FineCube is an x-ray device (cone beam computed tomography) that acquires a single 360 degree rotational sequence of the head and neck areas, including the ENT and dentomaxillofacial area for use in diagnostic support. The device is operated and used by physicians, dentists, and x-ray technologists.

The FineCube consists of two main elements: (1) The X-Ray generation and acquisition system and (2) the image analysis software. The X-Ray generation/acquisition system creates a cone-shaped x-ray field which is acquired on a flat panel sensor with a resolution of 608 x 616 x 200 um. FineCube is an X-ray imaging device that constructs a three dimensional model from images taken during a rotational X-ray sequence. FineCube is intended to be used whenever a dentist, oral surgeon, or other physician needs 3D information of high contrast objects

The provided 510(k) summary for the FineCube Dental CT System (K063622) does not contain detailed information about acceptance criteria and specific studies demonstrating the device meets those criteria. Instead, it focuses on establishing substantial equivalence to predicate devices based on indications for use and specification comparisons.

Here's a breakdown of the available information and what is missing based on your request:

1. Table of Acceptance Criteria and Reported Device Performance

Not available in the provided document. The 510(k) summary only provides a table comparing the specifications of the FineCube with two predicate devices. It doesn't list defined "acceptance criteria" for performance metrics like image quality, diagnostic accuracy, or specific measurements, nor does it present the FineCube's performance against such criteria. The document states "The results of bench, test laboratory and clinical testing indicates that the new device is as safe and effective as the predicate devices," but no specific performance data or statistical analysis is provided to support this claim against defined criteria.

2. Sample Size Used for the Test Set and Data Provenance

Not explicitly stated in the document. The document mentions "bench, test laboratory and clinical testing," but does not provide details on the sample sizes used for these tests or the provenance (country of origin, retrospective/prospective) of any clinical data.

3. Number of Experts Used to Establish Ground Truth for the Test Set and Qualifications of Experts

Not available in the provided document. There is no information regarding the establishment of ground truth by experts for any testing conducted.
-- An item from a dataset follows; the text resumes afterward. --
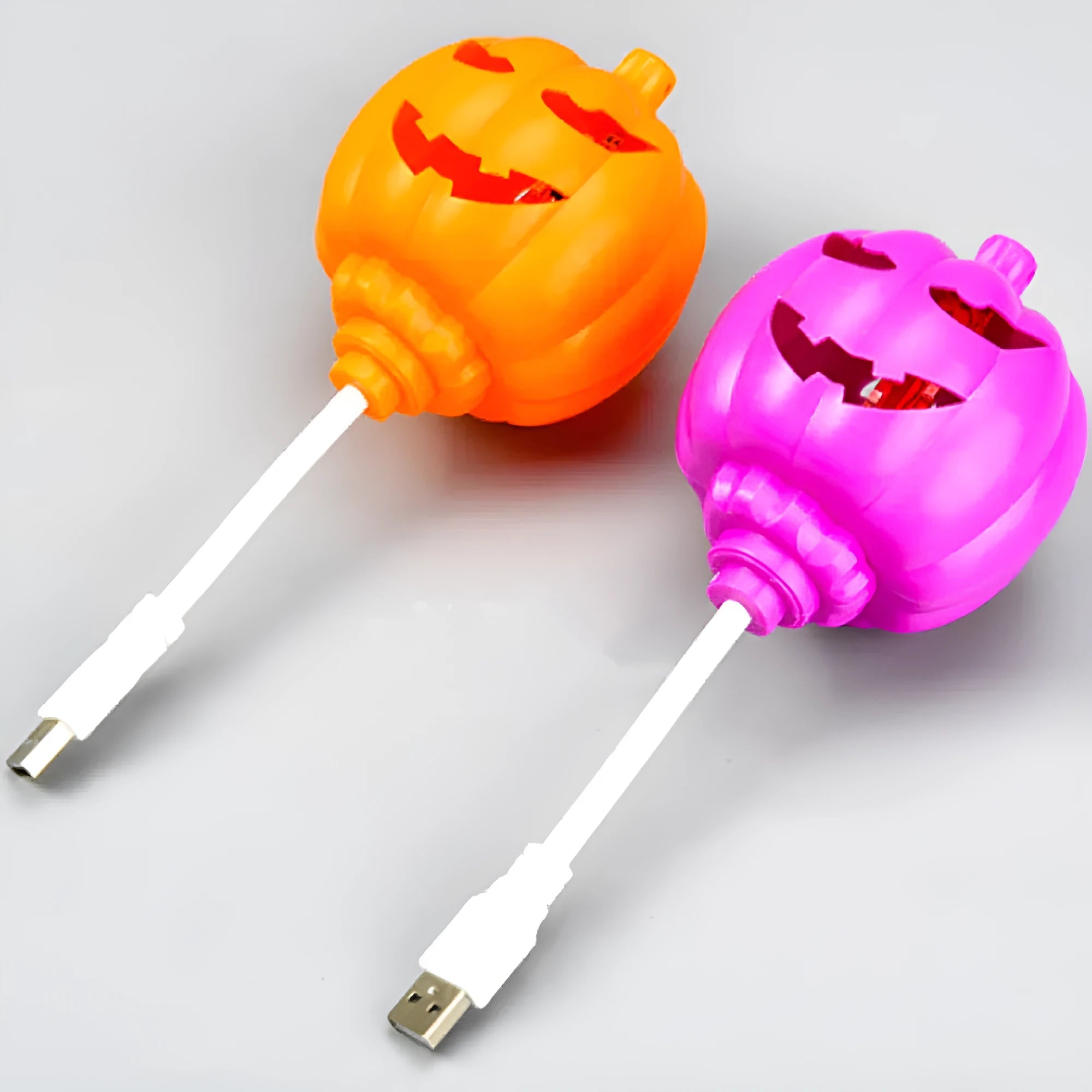 Plastic pumpkin decorative lamp with USB charging port in yellow or purple light options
4. Adjudication Method for the Test Set

Not available in the provided document.

5. If a Multi-Reader Multi-Case (MRMC) Comparative Effectiveness Study was done, and the effect size of how much human readers improve with AI vs without AI assistance

Not applicable. The FineCube is an imaging device (cone beam computed tomography) and not an AI-powered diagnostic algorithm designed to assist human readers. Therefore, an MRMC comparative effectiveness study involving AI assistance would not be relevant to this device's submission.

6. If a Standalone (i.e. algorithm only without human-in-the-loop performance) was done

Not applicable. This is not an AI algorithm. It is a medical imaging device.

7. The Type of Ground Truth Used

Not available in the provided document.

8. The Sample Size for the Training Set

Not applicable. As a medical imaging device, the concept of a "training set" in the context of machine learning algorithms is not directly relevant. The device undergoes engineering and performance validation rather than algorithmic training.

9. How the Ground Truth for the Training Set was Established

Not applicable, as there is no "training set" in the machine learning sense for this device.

Summary of what is available and what is missing:

The 510(k) summary for K063622 primarily relies on demonstrating substantial equivalence to predicate devices through a comparison of their indications for use and technical specifications. While it generally asserts that safety and effectiveness were demonstrated through "bench, test laboratory and clinical testing," it lacks the specific details requested regarding acceptance criteria, study methodologies, sample sizes, ground truth establishment, expert involvement, or any data related to AI performance metrics. This level of detail is often not included in the public 510(k) summary and would typically be found in the complete 510(k) submission that is reviewed by the FDA.